Task to complete
Everything in the listing below needs restating exactly, apart from the pictures.

Dataset extract

________________________________________

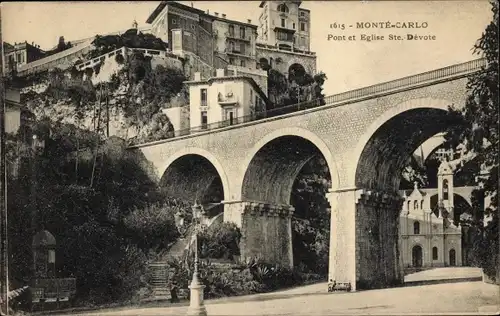 Ak Monte Carlo Monaco, Pont et Église Ste. Devote
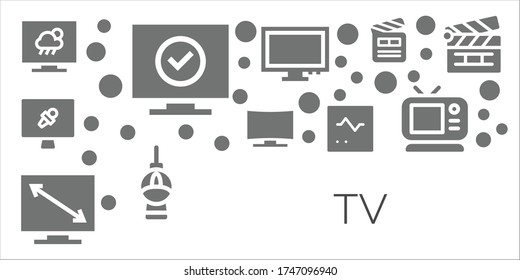 Modern Simple Set of tv Vector filled Icons. Contains such as Television, News report, Monitor, Fernsehturm berlin, Clapperboard and more Fully Editable and Pixel Perfect icons.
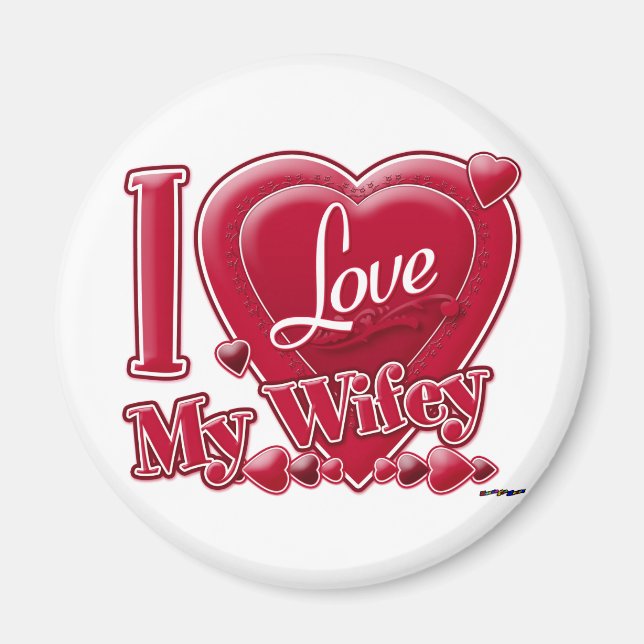 Aimant I Love My Wifey rouge - coeur (Devant)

________________________________________

Task solution
 Ak Monte Carlo Monaco, Pont et Église Ste. Devote
 Modern Simple Set of tv Vector filled Icons. Contains such as Television, News report, Monitor, Fernsehturm berlin, Clapperboard and more Fully Editable and Pixel Perfect icons.
 Aimant I Love My Wifey rouge - coeur (Devant)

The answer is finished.